- Supplied information
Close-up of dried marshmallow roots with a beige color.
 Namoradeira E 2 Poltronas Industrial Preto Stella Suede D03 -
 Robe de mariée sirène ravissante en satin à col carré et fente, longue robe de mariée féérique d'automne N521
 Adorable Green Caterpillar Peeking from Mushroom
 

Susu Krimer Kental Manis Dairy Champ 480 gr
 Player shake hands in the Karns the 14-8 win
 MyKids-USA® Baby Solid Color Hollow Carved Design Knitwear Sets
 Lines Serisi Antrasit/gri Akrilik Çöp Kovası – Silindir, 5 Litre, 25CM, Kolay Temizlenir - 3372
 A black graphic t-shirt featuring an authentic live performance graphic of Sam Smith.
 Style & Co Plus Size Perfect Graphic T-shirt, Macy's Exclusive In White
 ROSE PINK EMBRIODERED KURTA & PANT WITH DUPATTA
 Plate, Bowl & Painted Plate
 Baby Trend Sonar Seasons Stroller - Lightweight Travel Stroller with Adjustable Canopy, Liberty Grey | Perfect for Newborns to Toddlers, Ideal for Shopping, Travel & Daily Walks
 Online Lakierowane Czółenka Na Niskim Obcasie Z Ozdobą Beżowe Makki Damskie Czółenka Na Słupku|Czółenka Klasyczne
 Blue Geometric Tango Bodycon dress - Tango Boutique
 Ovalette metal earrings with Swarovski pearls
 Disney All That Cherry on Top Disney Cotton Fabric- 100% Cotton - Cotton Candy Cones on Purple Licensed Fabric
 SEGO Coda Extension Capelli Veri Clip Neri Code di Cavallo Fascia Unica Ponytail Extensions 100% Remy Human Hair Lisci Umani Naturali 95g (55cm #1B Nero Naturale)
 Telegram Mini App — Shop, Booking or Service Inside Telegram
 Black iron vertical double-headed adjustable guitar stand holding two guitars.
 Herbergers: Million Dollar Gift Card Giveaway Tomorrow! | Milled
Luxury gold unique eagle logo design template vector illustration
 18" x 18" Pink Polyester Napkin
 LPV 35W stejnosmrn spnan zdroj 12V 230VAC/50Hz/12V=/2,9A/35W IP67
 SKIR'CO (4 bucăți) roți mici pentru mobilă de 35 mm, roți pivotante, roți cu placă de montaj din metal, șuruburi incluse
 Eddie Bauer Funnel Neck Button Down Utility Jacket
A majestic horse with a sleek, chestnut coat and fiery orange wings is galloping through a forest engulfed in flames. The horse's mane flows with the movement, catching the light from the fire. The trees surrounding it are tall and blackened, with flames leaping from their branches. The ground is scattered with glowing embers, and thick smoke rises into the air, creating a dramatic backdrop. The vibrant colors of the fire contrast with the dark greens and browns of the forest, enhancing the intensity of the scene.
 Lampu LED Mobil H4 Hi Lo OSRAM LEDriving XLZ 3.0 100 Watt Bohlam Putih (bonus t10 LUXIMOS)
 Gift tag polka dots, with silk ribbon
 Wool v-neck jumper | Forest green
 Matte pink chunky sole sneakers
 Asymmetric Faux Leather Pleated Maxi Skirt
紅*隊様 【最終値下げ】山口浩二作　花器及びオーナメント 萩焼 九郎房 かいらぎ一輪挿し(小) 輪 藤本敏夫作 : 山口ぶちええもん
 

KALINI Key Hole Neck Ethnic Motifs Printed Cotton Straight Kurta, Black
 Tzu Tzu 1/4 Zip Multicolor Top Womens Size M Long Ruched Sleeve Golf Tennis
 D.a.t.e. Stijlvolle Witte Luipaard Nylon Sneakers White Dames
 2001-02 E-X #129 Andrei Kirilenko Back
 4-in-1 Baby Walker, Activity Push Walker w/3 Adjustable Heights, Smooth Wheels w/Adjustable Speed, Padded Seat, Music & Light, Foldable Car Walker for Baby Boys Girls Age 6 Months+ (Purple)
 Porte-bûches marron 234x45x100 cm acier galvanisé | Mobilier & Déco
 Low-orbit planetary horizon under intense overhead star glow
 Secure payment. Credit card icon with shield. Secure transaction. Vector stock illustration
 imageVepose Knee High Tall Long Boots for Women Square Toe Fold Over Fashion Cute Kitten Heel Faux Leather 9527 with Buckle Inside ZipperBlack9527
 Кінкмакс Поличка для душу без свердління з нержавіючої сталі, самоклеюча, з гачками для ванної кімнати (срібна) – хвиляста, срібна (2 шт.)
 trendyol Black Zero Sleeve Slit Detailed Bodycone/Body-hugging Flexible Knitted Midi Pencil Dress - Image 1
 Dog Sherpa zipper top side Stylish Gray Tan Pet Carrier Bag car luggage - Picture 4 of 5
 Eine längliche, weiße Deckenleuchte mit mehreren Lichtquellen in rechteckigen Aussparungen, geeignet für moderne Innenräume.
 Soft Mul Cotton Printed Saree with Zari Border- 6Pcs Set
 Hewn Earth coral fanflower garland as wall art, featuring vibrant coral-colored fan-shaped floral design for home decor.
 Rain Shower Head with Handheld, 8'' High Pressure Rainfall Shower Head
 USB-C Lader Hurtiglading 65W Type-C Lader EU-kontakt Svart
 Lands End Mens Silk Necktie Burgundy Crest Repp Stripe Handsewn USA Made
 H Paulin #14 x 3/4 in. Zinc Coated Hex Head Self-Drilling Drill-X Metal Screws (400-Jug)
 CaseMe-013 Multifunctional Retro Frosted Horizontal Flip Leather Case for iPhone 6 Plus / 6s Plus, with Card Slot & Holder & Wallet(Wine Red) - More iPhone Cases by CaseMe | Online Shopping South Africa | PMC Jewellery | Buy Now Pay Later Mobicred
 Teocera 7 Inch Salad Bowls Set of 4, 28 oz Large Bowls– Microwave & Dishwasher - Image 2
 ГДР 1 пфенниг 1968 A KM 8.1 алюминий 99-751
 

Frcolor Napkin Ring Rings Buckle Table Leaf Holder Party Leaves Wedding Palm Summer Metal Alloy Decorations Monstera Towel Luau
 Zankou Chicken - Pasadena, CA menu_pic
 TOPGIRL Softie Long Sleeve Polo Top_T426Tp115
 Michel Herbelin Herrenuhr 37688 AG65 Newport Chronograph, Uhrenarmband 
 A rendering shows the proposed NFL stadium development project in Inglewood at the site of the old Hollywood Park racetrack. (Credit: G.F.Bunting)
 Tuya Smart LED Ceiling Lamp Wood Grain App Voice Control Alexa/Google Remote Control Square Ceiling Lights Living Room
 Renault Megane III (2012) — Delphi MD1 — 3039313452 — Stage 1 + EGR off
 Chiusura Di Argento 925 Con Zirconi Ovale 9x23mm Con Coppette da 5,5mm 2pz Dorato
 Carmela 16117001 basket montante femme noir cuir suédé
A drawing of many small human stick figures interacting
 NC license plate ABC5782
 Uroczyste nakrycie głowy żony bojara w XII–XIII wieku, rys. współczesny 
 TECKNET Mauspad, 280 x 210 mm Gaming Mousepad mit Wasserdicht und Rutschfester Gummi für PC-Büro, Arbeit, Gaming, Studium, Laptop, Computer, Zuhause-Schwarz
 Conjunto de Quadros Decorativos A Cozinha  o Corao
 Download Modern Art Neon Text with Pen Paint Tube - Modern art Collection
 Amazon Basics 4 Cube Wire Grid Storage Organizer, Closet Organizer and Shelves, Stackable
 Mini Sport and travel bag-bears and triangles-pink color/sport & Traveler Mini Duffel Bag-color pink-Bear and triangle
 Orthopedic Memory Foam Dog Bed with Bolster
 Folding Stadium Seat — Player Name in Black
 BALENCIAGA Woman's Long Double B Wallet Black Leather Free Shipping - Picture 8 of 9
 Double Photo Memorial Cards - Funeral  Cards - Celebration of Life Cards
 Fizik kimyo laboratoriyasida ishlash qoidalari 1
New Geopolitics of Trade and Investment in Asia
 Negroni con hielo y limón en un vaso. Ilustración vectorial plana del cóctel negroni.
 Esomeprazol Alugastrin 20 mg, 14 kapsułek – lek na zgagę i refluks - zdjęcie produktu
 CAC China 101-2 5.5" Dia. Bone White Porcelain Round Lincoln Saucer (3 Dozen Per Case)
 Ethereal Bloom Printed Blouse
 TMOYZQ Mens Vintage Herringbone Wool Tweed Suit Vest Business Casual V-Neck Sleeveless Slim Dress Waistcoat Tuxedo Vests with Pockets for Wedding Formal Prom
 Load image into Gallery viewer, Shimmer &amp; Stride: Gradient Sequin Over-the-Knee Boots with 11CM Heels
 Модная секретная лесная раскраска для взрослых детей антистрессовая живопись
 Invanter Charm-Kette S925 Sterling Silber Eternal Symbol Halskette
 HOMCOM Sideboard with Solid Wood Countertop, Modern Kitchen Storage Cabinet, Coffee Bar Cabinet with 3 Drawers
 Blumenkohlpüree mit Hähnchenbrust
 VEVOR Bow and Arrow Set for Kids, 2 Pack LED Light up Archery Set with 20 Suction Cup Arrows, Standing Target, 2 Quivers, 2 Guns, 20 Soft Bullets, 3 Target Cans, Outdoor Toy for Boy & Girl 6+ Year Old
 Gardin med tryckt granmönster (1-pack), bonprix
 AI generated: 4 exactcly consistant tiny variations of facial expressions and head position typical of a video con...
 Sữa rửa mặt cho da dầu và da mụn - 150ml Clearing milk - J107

- Task brief
Give back the opening line of the records above and every line after it, up to and including the one with "Disney All That", unchanged.

- Solution for this problem
Close-up of dried marshmallow roots with a beige color.
 Namoradeira E 2 Poltronas Industrial Preto Stella Suede D03 -
 Robe de mariée sirène ravissante en satin à col carré et fente, longue robe de mariée féérique d'automne N521
 Adorable Green Caterpillar Peeking from Mushroom
 

Susu Krimer Kental Manis Dairy Champ 480 gr
 Player shake hands in the Karns the 14-8 win
 MyKids-USA® Baby Solid Color Hollow Carved Design Knitwear Sets
 Lines Serisi Antrasit/gri Akrilik Çöp Kovası – Silindir, 5 Litre, 25CM, Kolay Temizlenir - 3372
 A black graphic t-shirt featuring an authentic live performance graphic of Sam Smith.
 Style & Co Plus Size Perfect Graphic T-shirt, Macy's Exclusive In White
 ROSE PINK EMBRIODERED KURTA & PANT WITH DUPATTA
 Plate, Bowl & Painted Plate
 Baby Trend Sonar Seasons Stroller - Lightweight Travel Stroller with Adjustable Canopy, Liberty Grey | Perfect for Newborns to Toddlers, Ideal for Shopping, Travel & Daily Walks
 Online Lakierowane Czółenka Na Niskim Obcasie Z Ozdobą Beżowe Makki Damskie Czółenka Na Słupku|Czółenka Klasyczne
 Blue Geometric Tango Bodycon dress - Tango Boutique
 Ovalette metal earrings with Swarovski pearls
 Disney All That Cherry on Top Disney Cotton Fabric- 100% Cotton - Cotton Candy Cones on Purple Licensed Fabric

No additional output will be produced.